◆ **Given material**:
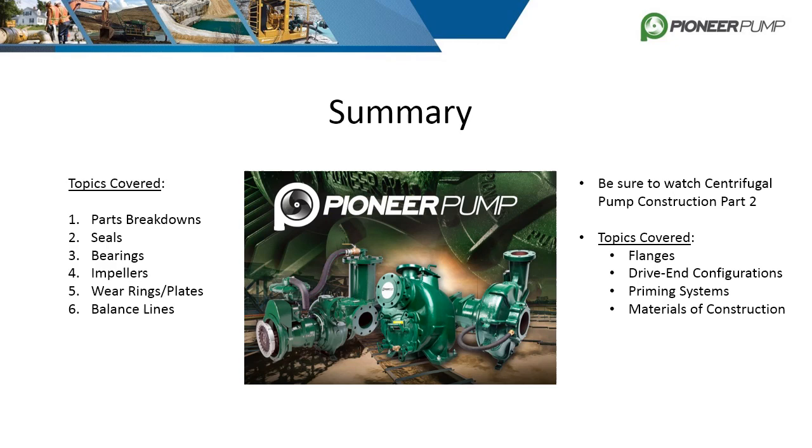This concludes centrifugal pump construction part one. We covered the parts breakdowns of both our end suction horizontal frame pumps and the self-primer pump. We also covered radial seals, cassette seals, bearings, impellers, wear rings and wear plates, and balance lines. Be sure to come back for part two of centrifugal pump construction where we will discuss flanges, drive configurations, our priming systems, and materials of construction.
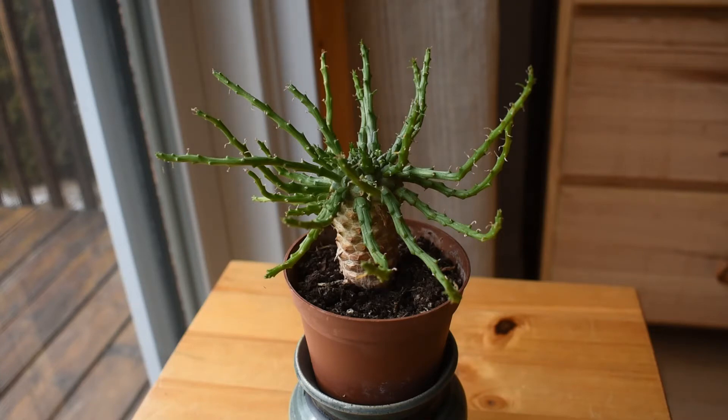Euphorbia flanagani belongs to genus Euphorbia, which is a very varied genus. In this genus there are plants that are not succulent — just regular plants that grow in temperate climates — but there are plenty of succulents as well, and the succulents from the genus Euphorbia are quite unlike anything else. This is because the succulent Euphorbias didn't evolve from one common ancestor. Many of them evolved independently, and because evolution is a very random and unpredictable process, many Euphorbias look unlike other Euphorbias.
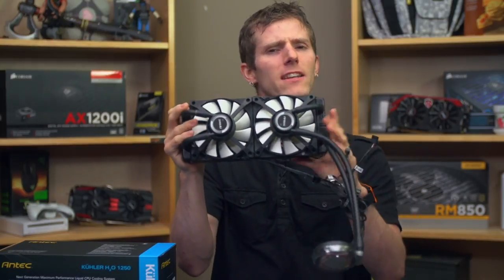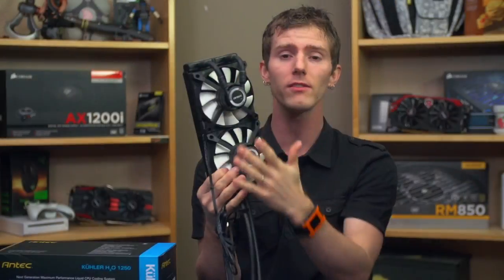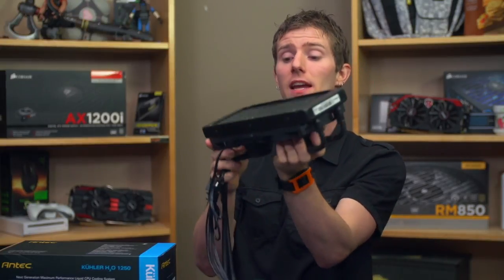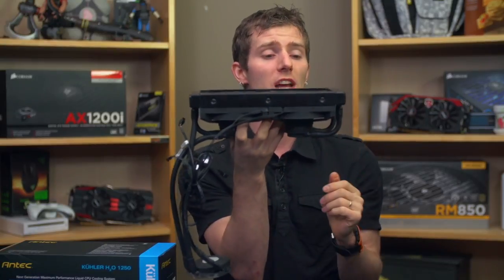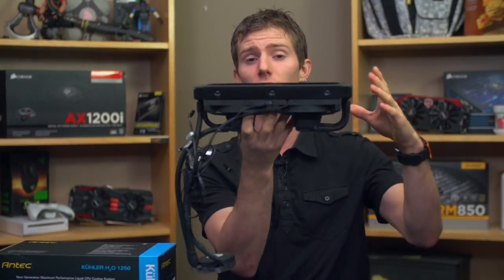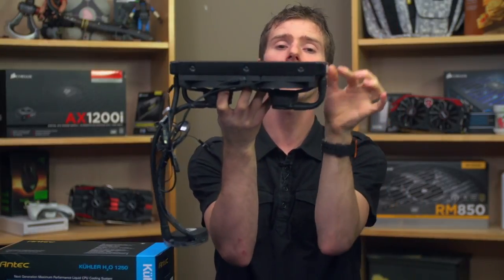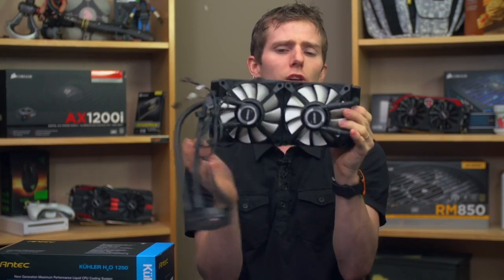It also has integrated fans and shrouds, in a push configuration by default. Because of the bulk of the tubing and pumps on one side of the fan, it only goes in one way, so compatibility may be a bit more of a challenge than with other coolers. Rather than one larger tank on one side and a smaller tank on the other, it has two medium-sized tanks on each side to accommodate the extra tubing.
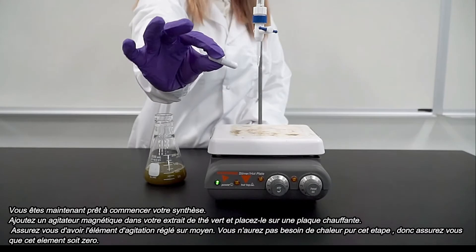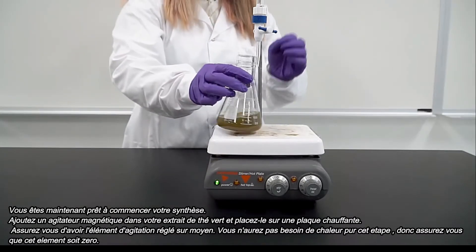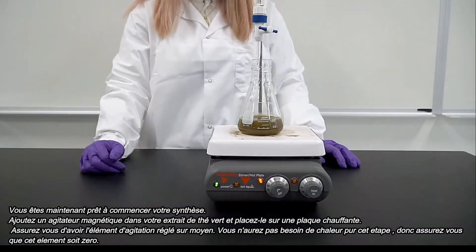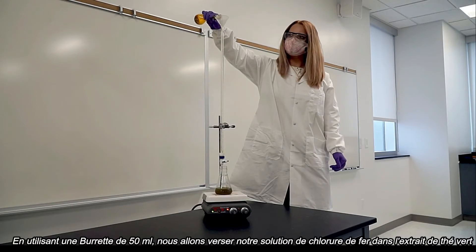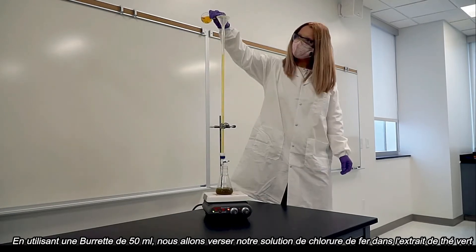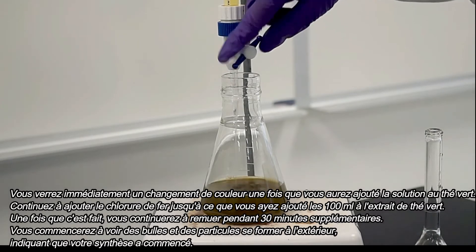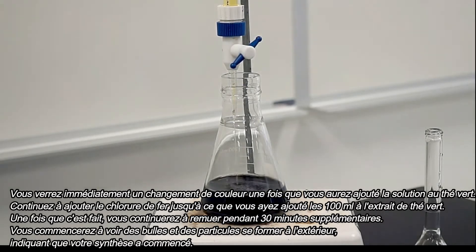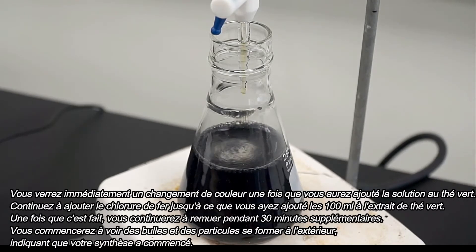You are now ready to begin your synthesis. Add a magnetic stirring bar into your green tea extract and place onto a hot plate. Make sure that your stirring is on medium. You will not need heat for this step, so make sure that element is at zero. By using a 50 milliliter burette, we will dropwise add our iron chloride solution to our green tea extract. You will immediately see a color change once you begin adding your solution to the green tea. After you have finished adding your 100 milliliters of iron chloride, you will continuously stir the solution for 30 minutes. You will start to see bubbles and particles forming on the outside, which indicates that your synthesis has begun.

◆ **Problem statement**: Write the listing out a second time exactly, dropping all images.

◆ **Finished task**:
This concludes centrifugal pump construction part one. We covered the parts breakdowns of both our end suction horizontal frame pumps and the self-primer pump. We also covered radial seals, cassette seals, bearings, impellers, wear rings and wear plates, and balance lines. Be sure to come back for part two of centrifugal pump construction where we will discuss flanges, drive configurations, our priming systems, and materials of construction.
Euphorbia flanagani belongs to genus Euphorbia, which is a very varied genus. In this genus there are plants that are not succulent — just regular plants that grow in temperate climates — but there are plenty of succulents as well, and the succulents from the genus Euphorbia are quite unlike anything else. This is because the succulent Euphorbias didn't evolve from one common ancestor. Many of them evolved independently, and because evolution is a very random and unpredictable process, many Euphorbias look unlike other Euphorbias.
It also has integrated fans and shrouds, in a push configuration by default. Because of the bulk of the tubing and pumps on one side of the fan, it only goes in one way, so compatibility may be a bit more of a challenge than with other coolers. Rather than one larger tank on one side and a smaller tank on the other, it has two medium-sized tanks on each side to accommodate the extra tubing.
You are now ready to begin your synthesis. Add a magnetic stirring bar into your green tea extract and place onto a hot plate. Make sure that your stirring is on medium. You will not need heat for this step, so make sure that element is at zero. By using a 50 milliliter burette, we will dropwise add our iron chloride solution to our green tea extract. You will immediately see a color change once you begin adding your solution to the green tea. After you have finished adding your 100 milliliters of iron chloride, you will continuously stir the solution for 30 minutes. You will start to see bubbles and particles forming on the outside, which indicates that your synthesis has begun.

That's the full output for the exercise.